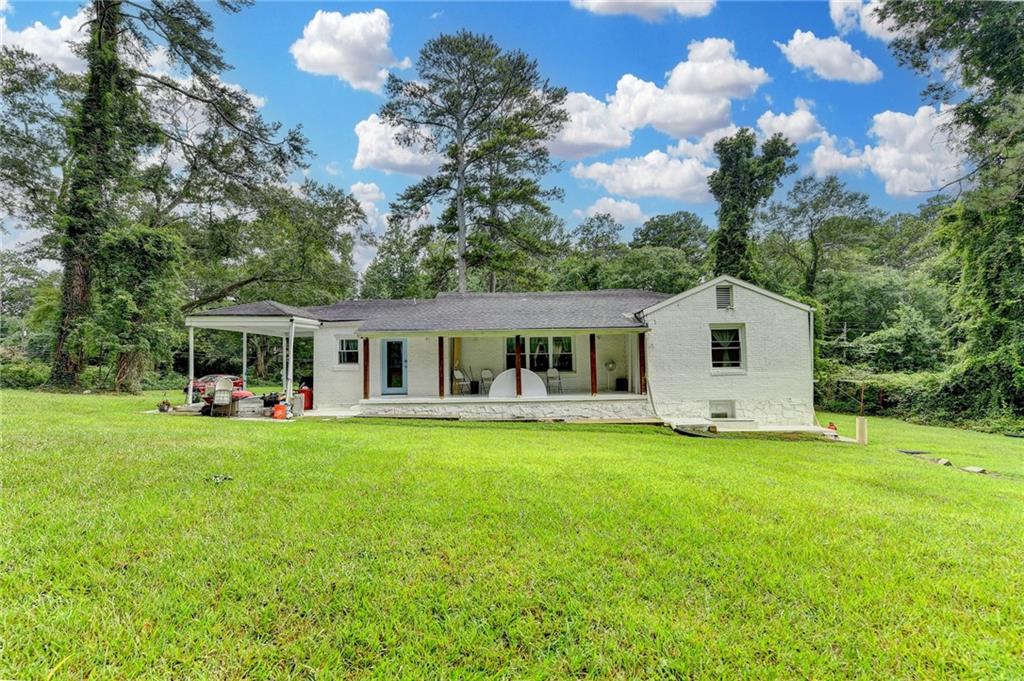 6654 Covington Road Lithonia, GA 30058 - Photo 29 of 39 a front view of a house with a garden and trees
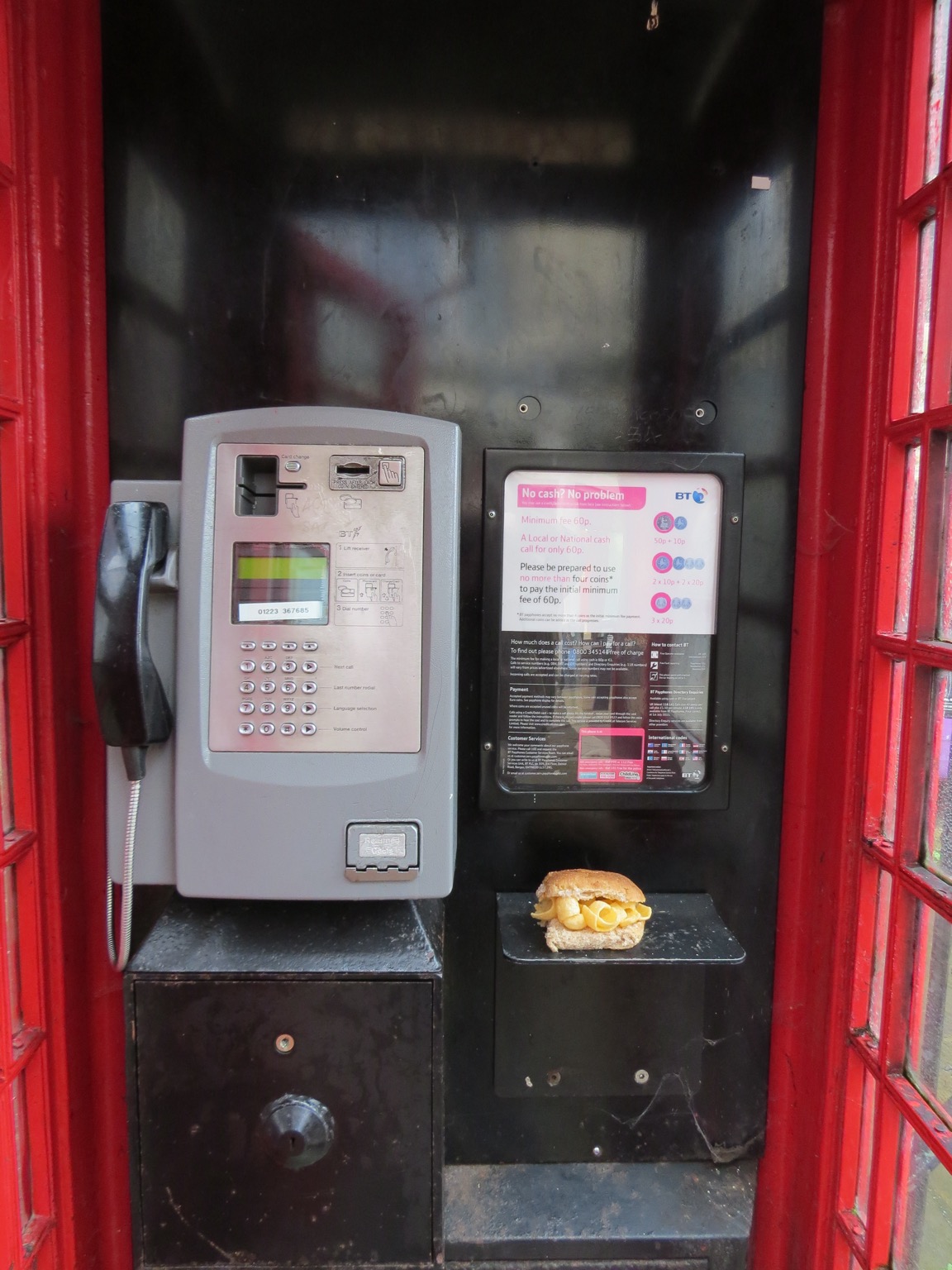 Red phone box containing a brown Quavers roll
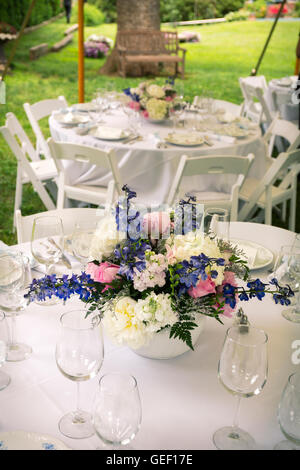 Les arrangements de fleurs sur les tables avec des lunettes nappe blanche. Banque D'Images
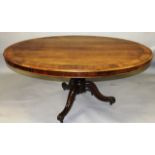 A 19TH CENTURY ROSEWOOD TILT TOP BREAKFAST TABLE, with an oval top supported on a turned and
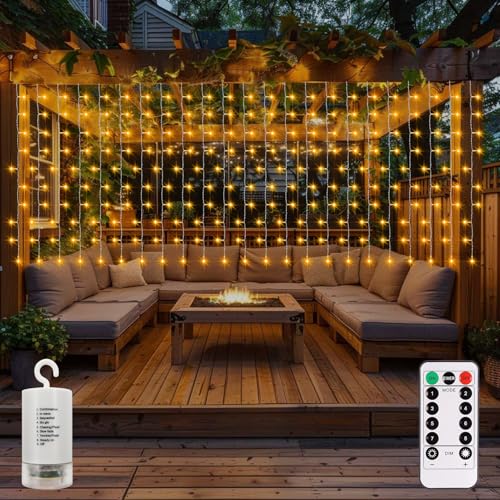CCILAND Cortina de luces LED que funcionan con pilas, 6 m x 1 m, 300 luces LED para exteriores, impermeables, con control remoto, 8 modos, temporizador, regulable, para jardín, valla, cenador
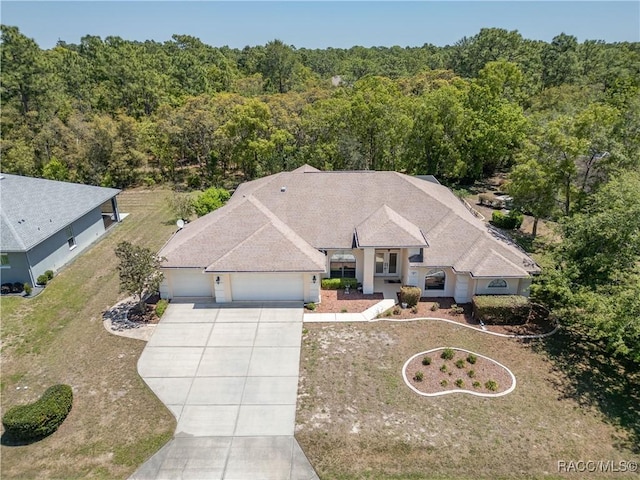 aerial view featuring a wooded view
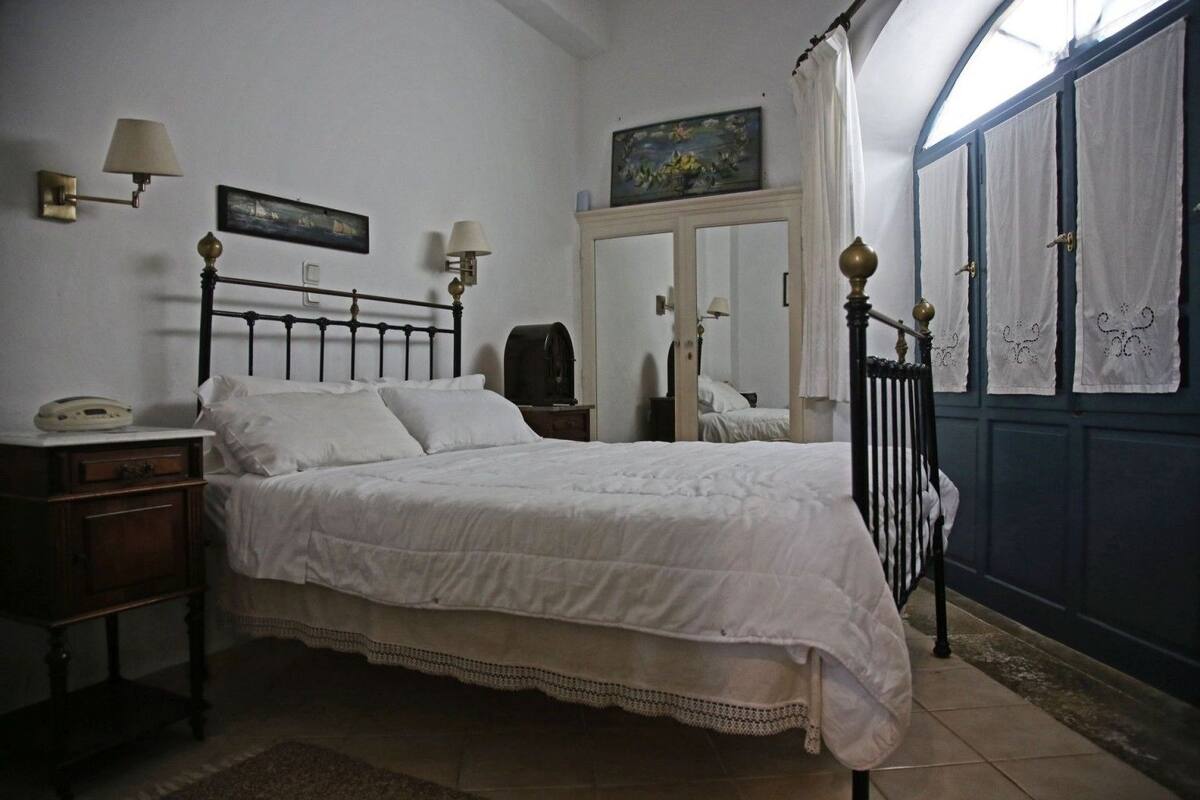 A bedroom with a single bed, a nightstand, a lamp, a mirror, and a window with curtains.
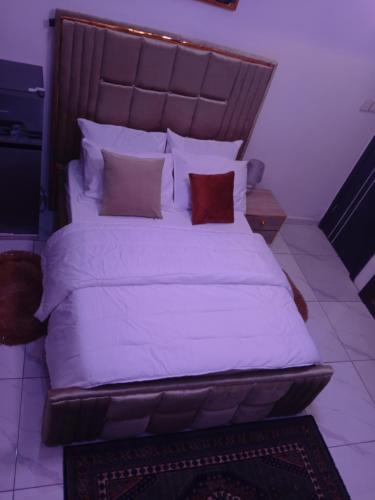 a bedroom with a large bed with white sheets and pillows at Peace Dew Apartments in Maiyegun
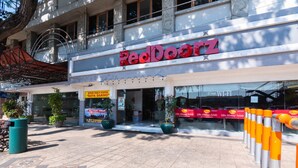 A RedDoorz store with a tiled entrance, potted plants, and a clear sky. - RedDoorz @ Urip Sumoharjo (Surabaya)
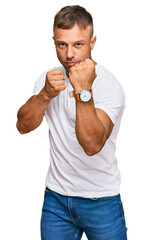 Canvas Print - Handsome muscle man wearing casual white tshirt ready to fight with fist defense gesture, angry and upset face, afraid of problem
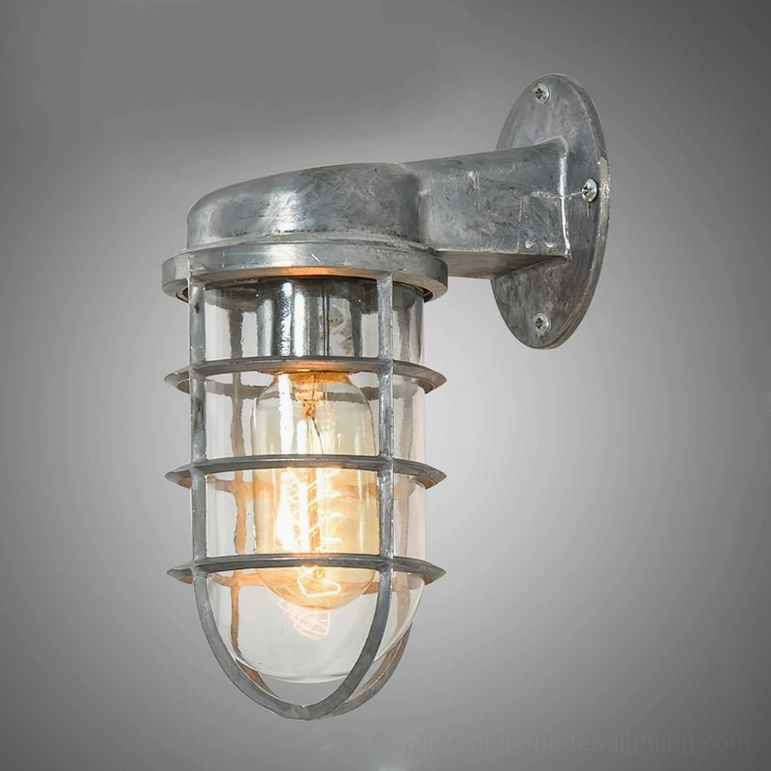 Brushed iron gray maritime cage wall lamp with glass shade detail on neutral background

----

Starting at the line that holds "CCILAND Cortina de", write out every remaining line of the material above exactly as it appears. Pictures should not be copied.

CCILAND Cortina de luces LED que funcionan con pilas, 6 m x 1 m, 300 luces LED para exteriores, impermeables, con control remoto, 8 modos, temporizador, regulable, para jardín, valla, cenador
 aerial view featuring a wooded view
 A bedroom with a single bed, a nightstand, a lamp, a mirror, and a window with curtains.
 a bedroom with a large bed with white sheets and pillows at Peace Dew Apartments in Maiyegun
 A RedDoorz store with a tiled entrance, potted plants, and a clear sky. - RedDoorz @ Urip Sumoharjo (Surabaya)
 Canvas Print - Handsome muscle man wearing casual white tshirt ready to fight with fist defense gesture, angry and upset face, afraid of problem
 Brushed iron gray maritime cage wall lamp with glass shade detail on neutral background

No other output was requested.